Now unless you have visited a longhouse, you really haven't seen Sarawak. It may sound cliched but this is one of the best experiences the state has to offer. There are over 4,500 longhouses in Sarawak - each an entire village under one roof - inhabited by members of more than 20 distinct ethnic groups. The best known, and the easiest to visit, are the longhouses of the Iban, although visitors may also visit Bidayuh longhouses near Kuching or the imposing longhouses of the various Orang Ulu tribes, deep in Sarawak's interior.
Modern longhouses are busy farming communities, and traditional clothes and ornaments are only worn for festive occasions, so if you want to be sure of seeing traditional costumes and rituals, come on an organised tour with cultural performances included, or visit during gawai dayak, the harvest festival, which takes place at the beginning of June each year.
Each of Sarawak's longhouse-dwelling communities has something different to offer. For most people, their first taste of longhouse life is an organised tour to one of the Iban longhouses on the Skrang, Lemanak, Batang Ai or Rejang river systems. These tours feature traditional Iban hospitality, plenty of home-brewed tuak (rice wine), and a cultural performance or two. Visitors will be invited to join in, but be warned the ngajat (warrior dance) is a lot harder than it looks.
The Iban are famous for their handicrafts, and you are bound to see weavers, woodcarvers and blowpipe makers at work. You can try your hand at blowpipe shooting, visit the rubber and pepper gardens, and go for a walk in the nearby forest, learning about the different plants and their many practical uses. Depending on the season, you may witness rice threshing and rice pounding, but whatever time of year you are sure to be shown the skulls hanging from the longhouse roof.
There is a wider choice of accommodation than you would expect. You can sleep in the longhouse - on the ruai or covered verandah, in a tour operator's guest house, or even in one of the new 'Longhouse Resorts' at Batang Ai, Bukit Saban (near Sri Aman) and Pelagus Rapids (near Kapit). Wherever you stay, the food is invariable great, whether it's prepared by your Iban hosts, your multi-talented tour guide or a 5-star hotel kitchen.

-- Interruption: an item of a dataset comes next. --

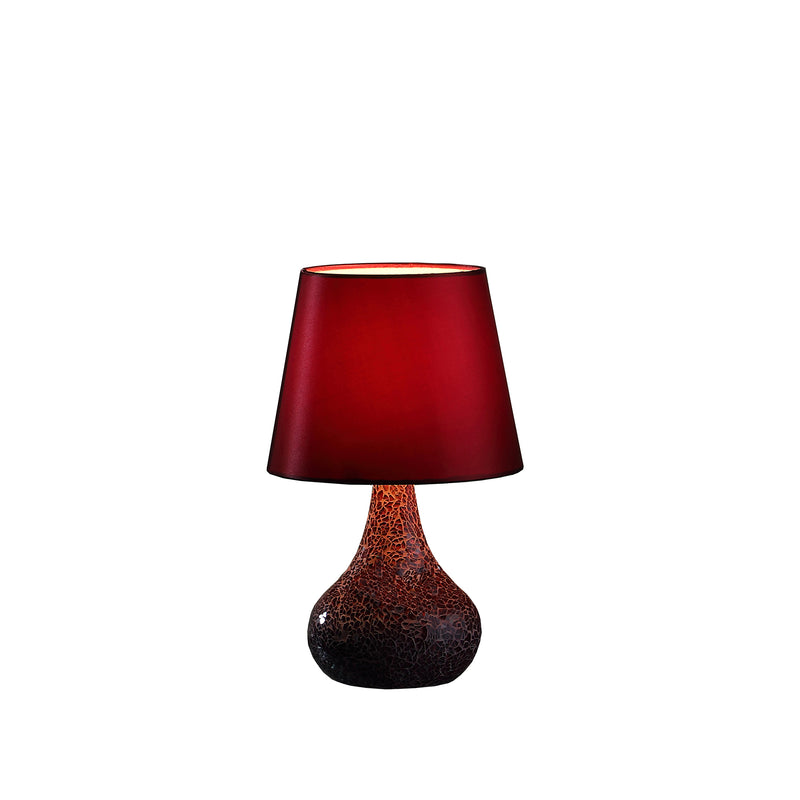 11" In Mosaic Red/pink Glass Pattern Mini Polyresin Table Lamp-zoom-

Not many people get the chance to visit Orang Ulu longhouses, as they are located deep in the interior, but the experience is well worth the journey. All of the Orang Ulu groups have strong traditions of hospitality, and guests will be invited to try some borak (Orang Ulu tuak) and join in with the singing and storytelling, accompanied by the melody of the sape, a mandolin-like instrument with a peculiarly Celtic sound. If you are particularly fortunate, you may be the subject of a praise song - an improvised ballad praising your character, attributes and achievements - sung by one of the aristocratic women in the longhouse.
There are not many Bidayuh longhouses within easy reach of Kuching - the ones at Kampung Anna Rais and Kampung Gayu are probably the best preserved examples - and Kuching tour operators arrange trips which usually take between half a day and a day. Most Bidayuh communities are quite modern in culture and outlook, due to their close proximity to Kuching, and some visitors feel that the experience is not 'exotic' enough to warrant the effort. However, during the gawai padi ritual, all the old beliefs and cultural practices make a startling reappearance. If you really want to find a very traditional Bidayuh longhouse, some specialist operators can organise visits to one of the remote longhouses along the Indonesian border, but be prepared for hard trekking and very basic accommodation and meals.